On the other hand, hurricane Katrina for sure had global effects - a super power that does not take care of its own people had lasting effects on the presidency of Bush and the image of the USA. Making New Orleans more climate proof (optimistically said) was also not only a local affair; some might say that local structures were replaced in this process by those of the tourism and other industries - restoration after Katrina served as an entry point for "disaster capitalism" (Naomi Klein). And contrary to what Aseem Prakash and Nives Dolšak state, benefits of climate adaptation were not equally distributed to the local population; obviously, some are more local than others.

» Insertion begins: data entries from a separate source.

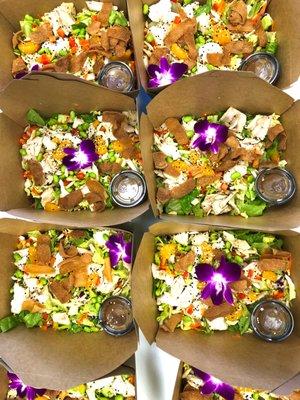 Asian Chicken Salad Box Lunch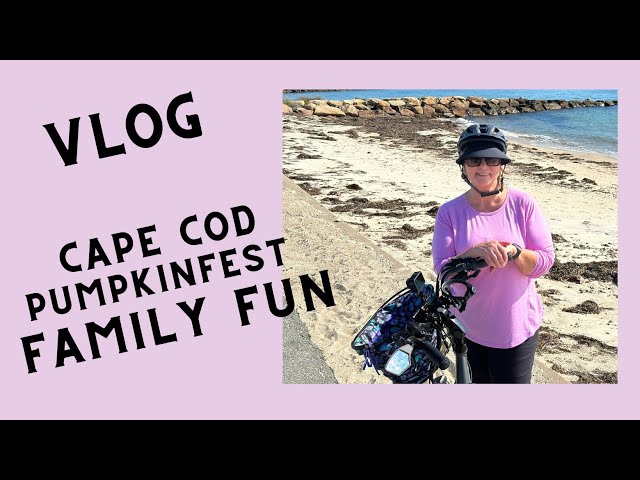 Vlog | Cape Cod | Biking | family Time | Monika's Beauty & Lifestyle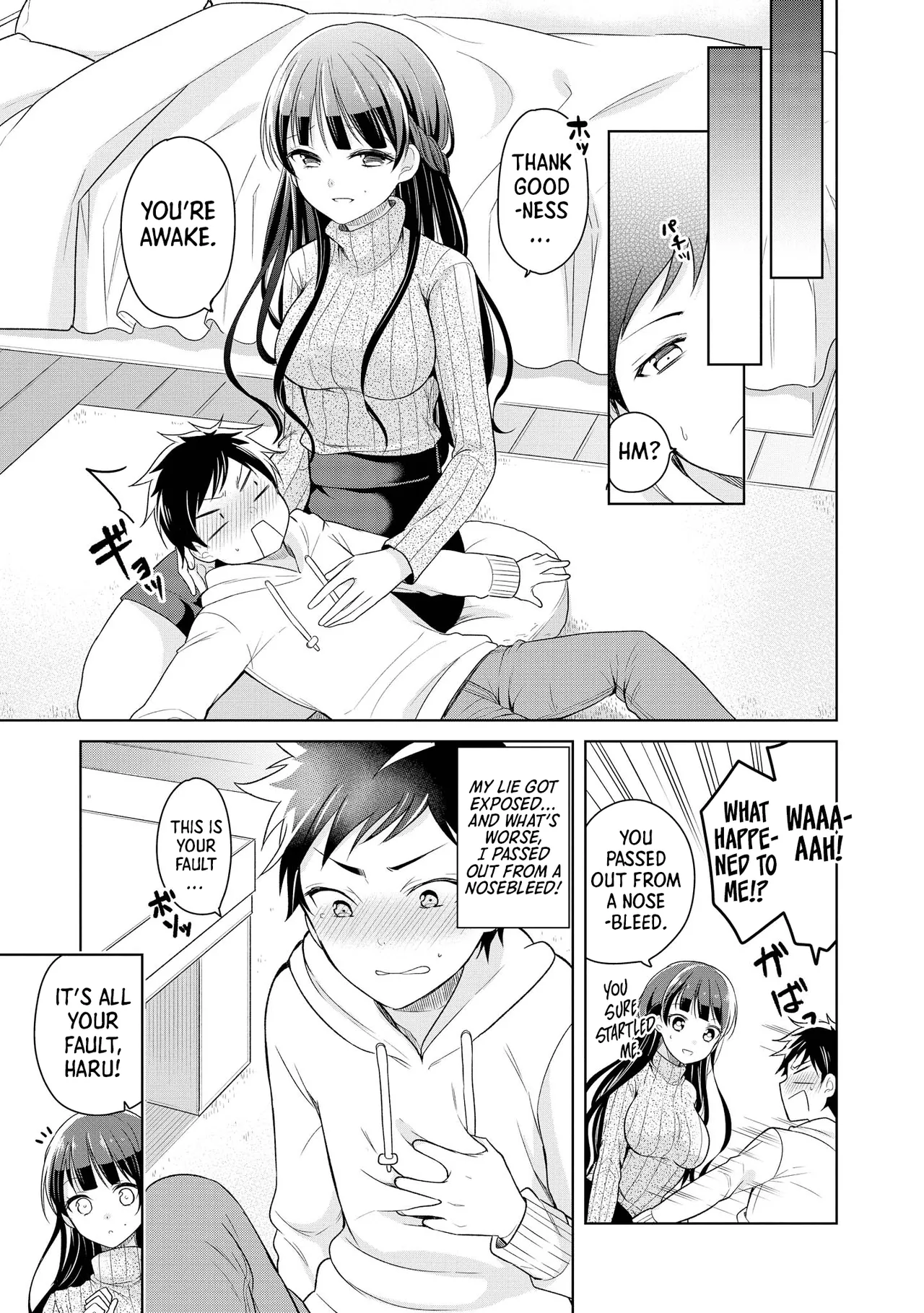 Ecchi na Oneesan ga Shounen ni Itazura Shichau Chapter 1 - page 125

This is why I do not believe that adaptation is an easier way to tackle climate change than mitigation; both are integral to the local / global nexus, and both mainly are about questions of social justice and compassion. So why not address these questions instead of artificially separating global from local and mitigation from adaptation?

stan said...

The argument that Katrina was caused by global warming does not rest on logic. It is religious in nature. I won't try to dissuade anyone from their religious beliefs, but insist that I not be taxed and regulated to support the religion of someone else.

Until alarmists can produce an argument based on science and logic, the public in the USA will not agree to mitigation. Obama is seeking to impose a plan via an imperial presidency. We will see how insulting the public will works for his party when he is no longer in power.

@ReinerGrundmann said...

Werner

What do you mean by 'artificially separating global from local and mitigation from adaptation?' Climate change is global in that the average global temperatures rise as a result of globally rising GHG concentration (among other things). This manifests itself in different ways across the globe, in different localtites, nations and regions. They adapt to these changes, no matter if they were caused by human activities or not. This is the powerful mechanism to link the two, albeit initially not recognised, or not relevant by some. It has nothing to do with tricking people into something they do not want.

This insight is powerful because it shows another way to thematise climate change, aside from the mantra of drastic cuts in carbon emissions. These have not happened and are unlikely to happen *even if the Paris climate summit should lead to an ambitious treaty*. The reason is that these measures need to be implemented on a national level but they won't.

Werner Krauss said...

Reiner,

I tried to make my points in comments #6 or #8, so I don't want to repeat myself. Maybe one more argument: in Paris (and many previous summits), adaptation is already an integral and well established part of the negotiations. In Bangla Desh, in the Amazone or the Sahel, local adaptation strategies are the result of global climate negotiations (how successfull they are is another question). Carbon cuts are linked with adaptation strategies; that is what the negotations between North and South are, to my knowledge. This is why it looks to me like you want to reinvent the wheel.